He and his son have had that talk, and he's made it clear that becoming a grandfather right now is not something he wants to be in the cards. Still, something about it doesn't feel "quite right."

And especially since he's a single dad flying solo — his son's mom "isn’t in the picture anymore" — he's feeling very confused about what the right approach is. "I don’t know what normal is to deal with this," he wrote. "They are very into each other, and I can’t really stop them, but do they have to be here every night?"

Parents on Reddit applauded him for his empathetic approach but urged him to set boundaries.

Several commenters noticed one very important dynamic at play: the dad has established a relationship in which his son feels totally comfortable and safe being open with his dad about the more private details of his life, and that's a huge success.


"I remember 'falling in love' hard and fast at that age," one woman wrote. But even in that heady flush of romance, she shared that she never would have felt comfortable sleeping over at her beau's parents' house. "Maybe it's a good thing that your son feels so comfortable with you," she said.
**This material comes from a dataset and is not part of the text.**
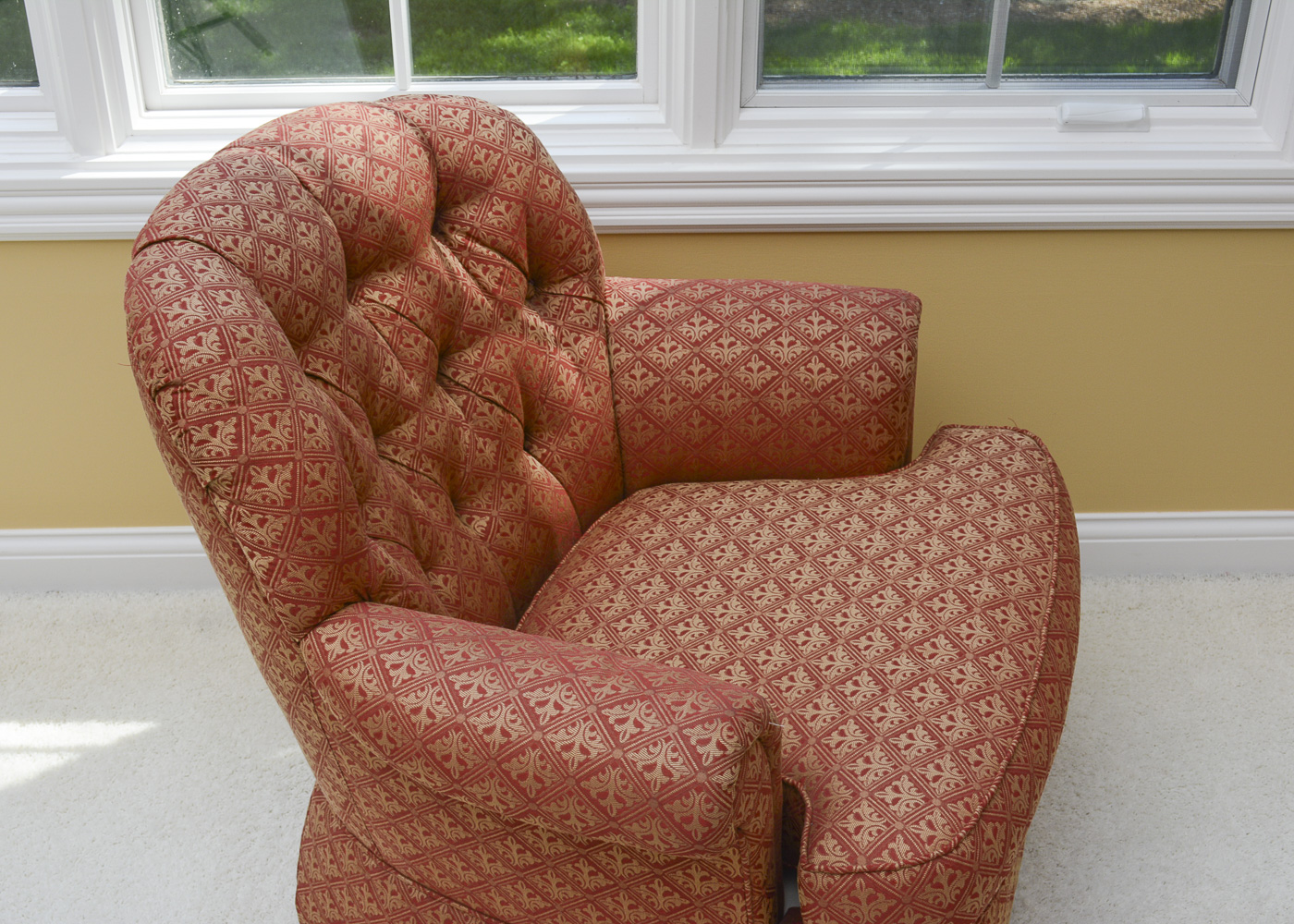 Disque Furniture Swivel Rocker Armchair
But she and many others also agreed that the dad was letting his discomfort and worry turn a very simple dilemma into what feels like a giant pitfall. Because, in the end, it's just about communicating a very reasonable and basic desire for some privacy in his home.

"This is about you, not him or her," one person wrote. "You have a right to set personal boundaries for yourself and your home." They went on to explain that "it doesn’t have to be an indictment on his choices" and that "conflict" isn't even necessary. "It’s simply a boundary you need to set with him, and that’s all."
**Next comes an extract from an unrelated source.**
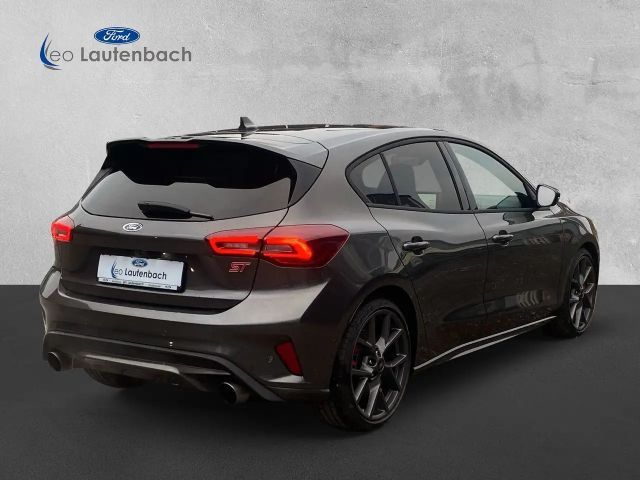 Ford Focus Limited ST Line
"It's totally fine to not want a guest every night of the week," another added. "Lots of adult roommates who are not parent and child have rules about how many nights a week regular guests are allowed. It's okay to need your own space."

It really is that simple. Though the worrying is natural — and shows how much the dad cares for his son — what he's asking for is reasonable and basic. If it's done respectfully and openly, a conversation about his needs as he adjusts to this new chapter in his son's life has the potential to bring them even closer together. And that in the end is what healthy relationships between parents and adult children are all about.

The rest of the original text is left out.